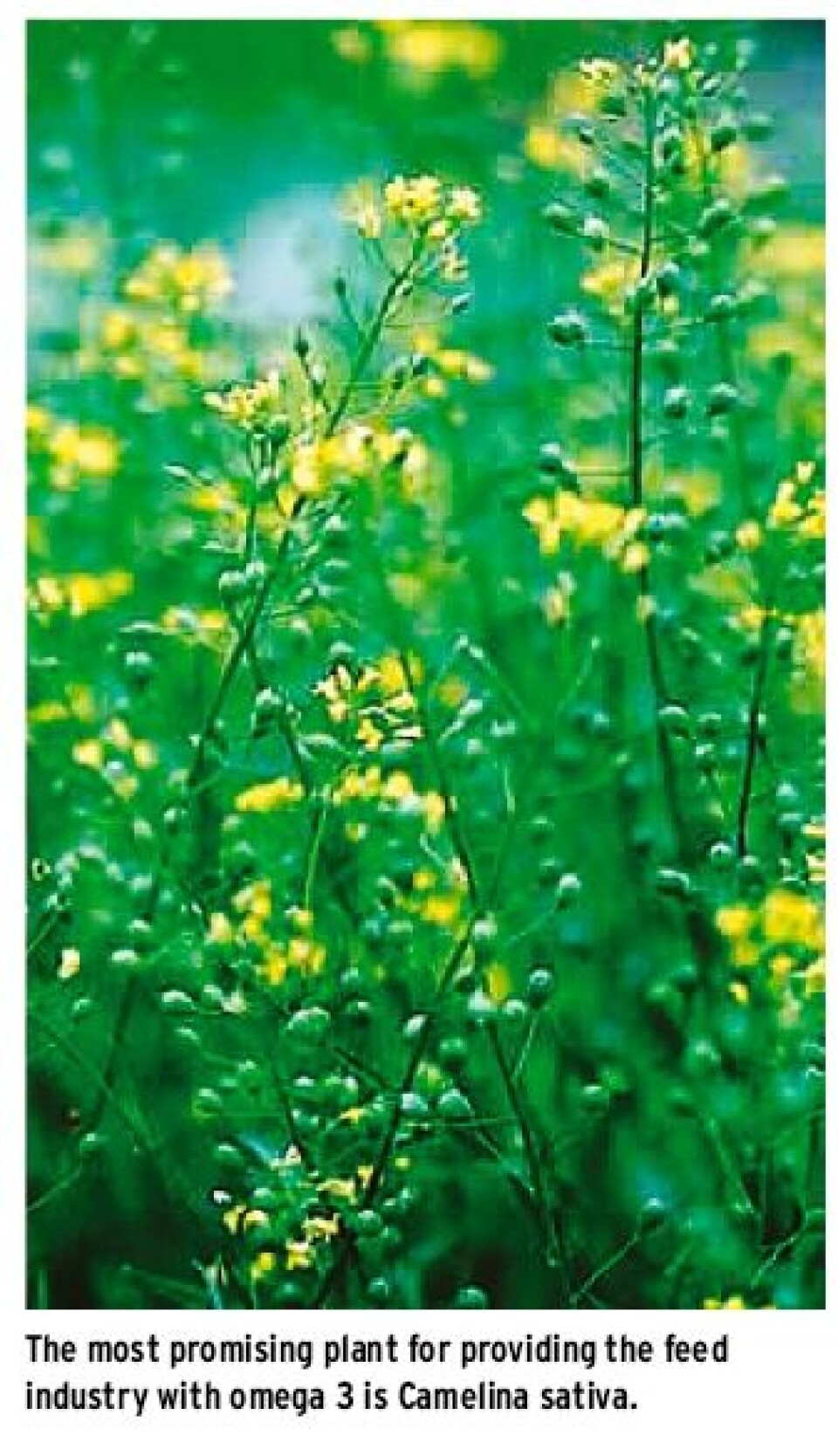 Vegetable oils in fish feed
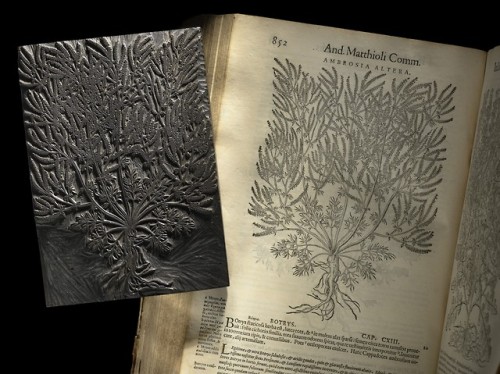 historyarchaeologyartefacts:Woodblock carving of sea wormwood (left) used to print a page (right) of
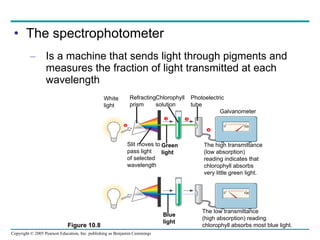 The spectrophotometer Is a machine that sends light through pigments and measures the fraction of light transmitted at each wavelength Figure 10.8 White light Refracting prism Chlorophyll solution Photoelectric tube Galvanometer Slit moves to pass light of selected wavelength  Green light The high transmittance (low absorption) reading indicates that chlorophyll absorbs very little green light. The low transmittance (high absorption) reading chlorophyll absorbs most blue light. Blue light 1 2 3 4 0 100 0 100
☆ ☆ ☆ ☆ ☆ ☆ ☆
__WHAT YOU WILL DO__. Give back the listing exactly, with the pictures removed.

__ANSWER SECTION__.
 Vegetable oils in fish feed
 historyarchaeologyartefacts:Woodblock carving of sea wormwood (left) used to print a page (right) of
 The spectrophotometer Is a machine that sends light through pigments and measures the fraction of light transmitted at each wavelength Figure 10.8 White light Refracting prism Chlorophyll solution Photoelectric tube Galvanometer Slit moves to pass light of selected wavelength  Green light The high transmittance (low absorption) reading indicates that chlorophyll absorbs very little green light. The low transmittance (high absorption) reading chlorophyll absorbs most blue light. Blue light 1 2 3 4 0 100 0 100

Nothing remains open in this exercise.